On line current two things happened.
Sometimes it went to 118v for a few seconds then to 122v
Othertimes it just went to 122v
On the generator two things also happened.
Sometimes it went to 95v until the generator tripped out.
Other times it went to 122v and the refrigerator ran normally.
My interpretation is that sometimes the refrigerator starts easily, and the
generator can handle it.
Other times the refrigerator starts hard and it is too much for the
Does that make sense? Why would that be? I (obviously) don't know much
I also suspect my meter reads 2% high, since both line and generator
probably aren't 122v!
I wouldn't rely on their statement about this. Even if they are trying
to be honest (and I assume that they are), they've either reached this
conclusion by theory, and theory does't always match reality unless
the theortician is really smart; or by testing, and they can't
possibly test all situations, and in practice test even fewer than
Did we ever find out if this is a generator making DC current that is
inverted, or if it is an AC generator. I don't know what differences
that makes but some people do. Try cross posting to
sci.electronics.repair or some other specifically electric group.

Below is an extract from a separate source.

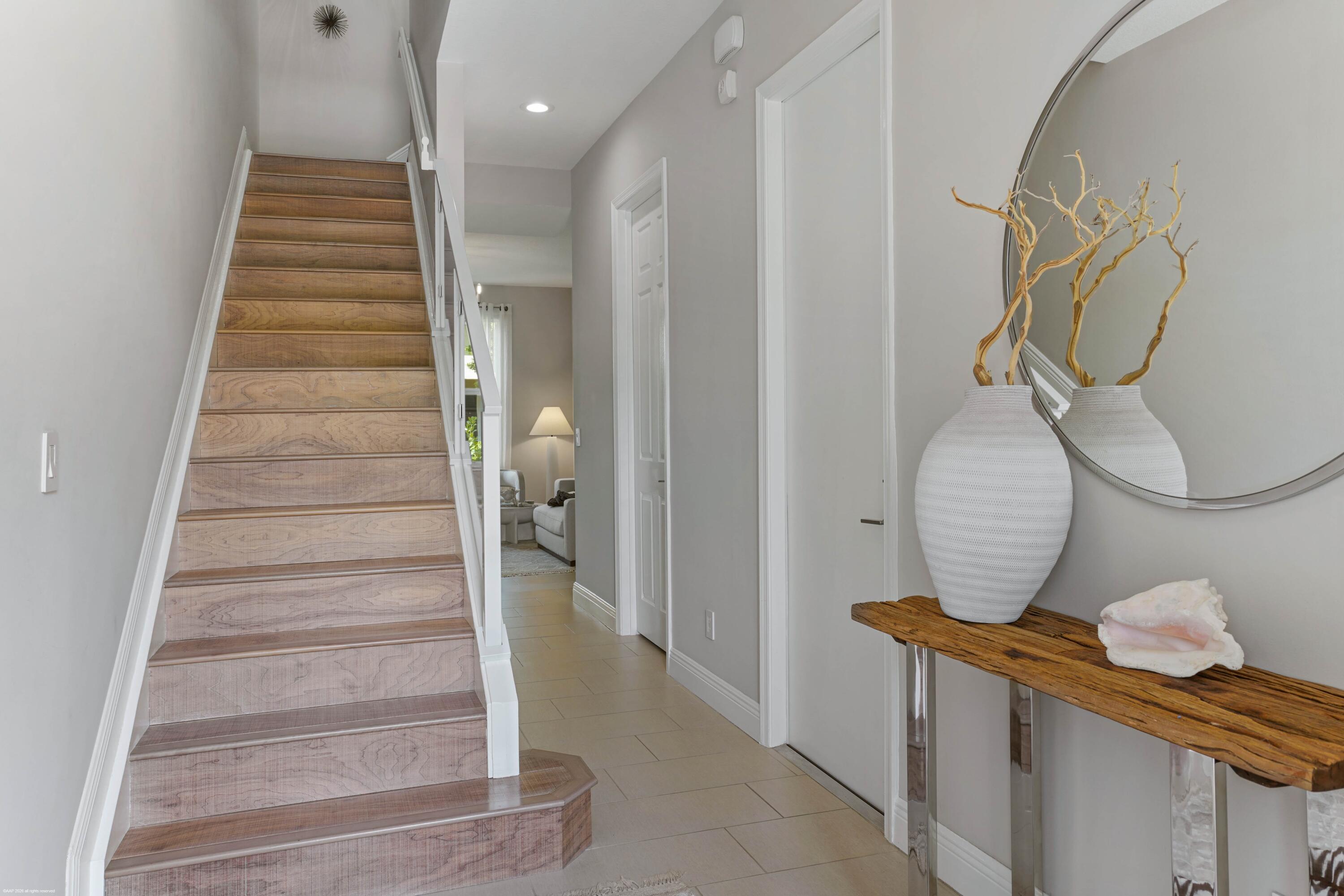 SOUTHAMPTON - Residential Lease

It's pretty clear -- I think you said -- that they are using a circuit
to go from 120 to zero. First, they can't make it trip at 119.9.
That would be counter productive. Did they choose 119, 115, 106.9 to
trip? And does the circuit trip at exactly the design point, or is
there a plus or minus factor. The latter, so they have to make it so
that the entire range of likely trip points is below the intended trip
point, which makes the most likely trip point to be even lower than
the hoped for trip point.
Measure, like he says to. What is so hard about that.

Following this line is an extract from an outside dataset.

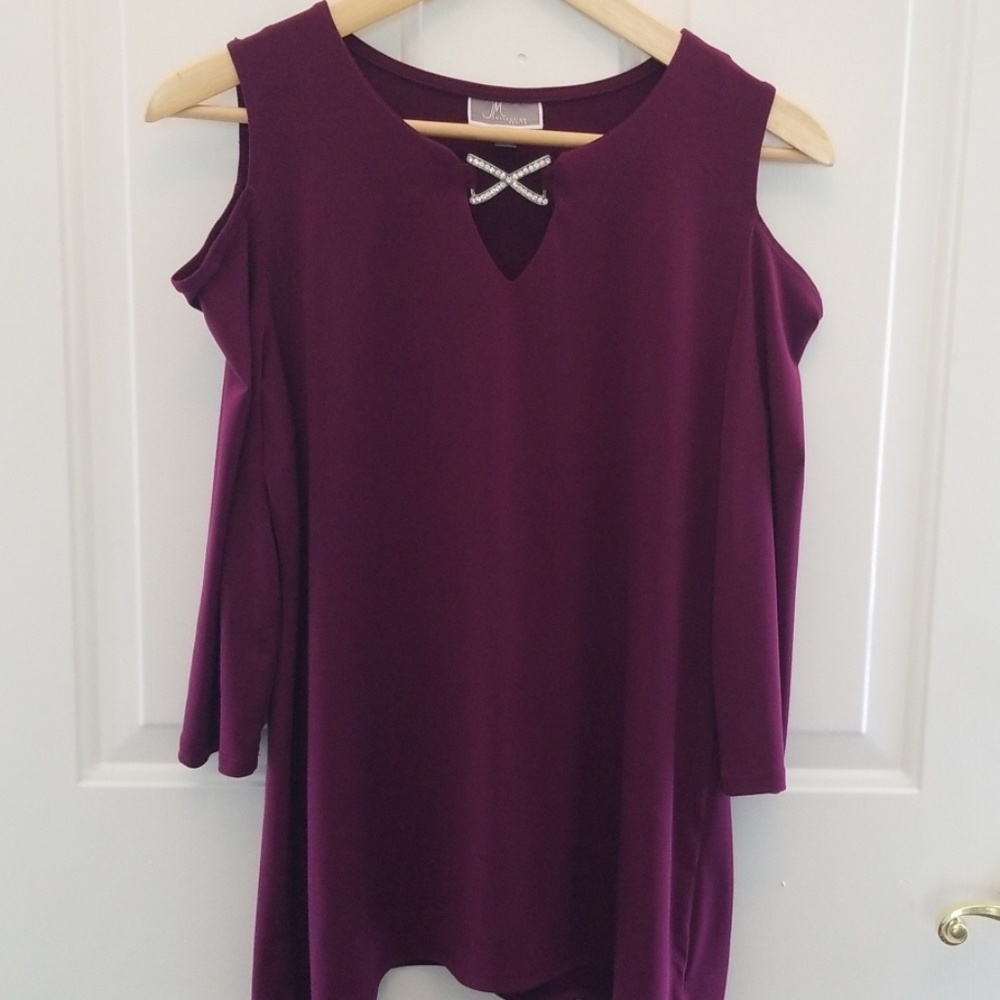 Top- Cold Shoulder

Oops. Sorry. I hadn't read this line when I answered the parts above.
Yes, that would do it. Hard to watch two things at once, maybe enlist
a family member.
(When we were taking a trip, I wanted to read all the historical
markers in Virginia without slowing down, so I assigned one person for
the first three lines, one for the second three, and one for the last
3, and then we would all repeat them after we passed the sign. It
worked well till people got tired.)
The longer (5 second / 13 amp) surge current may be entirely due to the
fridge and have nothing to do with the generator. If you didn't allow enough
time between your three successive startups to allow the refrigerant loop
pressures to stabilize, you may, on the latter attempt, have a compressor
working against a much higher load, or a start capacitor which has not yet
recovered from the previous start, and / or some other fan or other demands
which would not otherwise occur.
It will be important to do this experiment allowing enough time for the
fridge to recover, and I am merely guessing when I say this would be a few
minutes, and certainly not a few seconds.

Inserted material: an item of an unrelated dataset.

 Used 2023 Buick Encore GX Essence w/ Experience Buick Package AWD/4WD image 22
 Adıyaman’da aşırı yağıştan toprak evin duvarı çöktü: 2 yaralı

Since you did not indicate the intervening wait times between startup
attempts, I thought it best to alert you to this entirely different and
entirely plausible explanation.
The difference is pretty straight forward: "real" generators have
significant rotational inertia. There's energy stored in the rotation
of the motor and generator. The instantaneous power they can deliver
is limited only by the resistance of the generator windings and
power cord - on overload, the motor starts to slow down (on a heavy
overload slow down _real_ rapidly), and eventually (hopefully) the
protective circuits (mostly temperature in the generator and mechanical
circuit breakers) will trip. Otherwise, the generator stalls and/or
Electronic converters, on the other hand, are going thru semiconductors
which are (virtually) instantaneously controlled, and actively limited
to a "safe region" including semi-conductor based thermal overloads
which are more directly part of the circuitry.
What this means is that "real" generators will "operate thru" rather
larger overloads than electronic converters will, unless the converters
have been designed for it.
In an old car, I had an active demonstration of this. Generally,
a car alternator can produce something on the order of 1000W (1HP).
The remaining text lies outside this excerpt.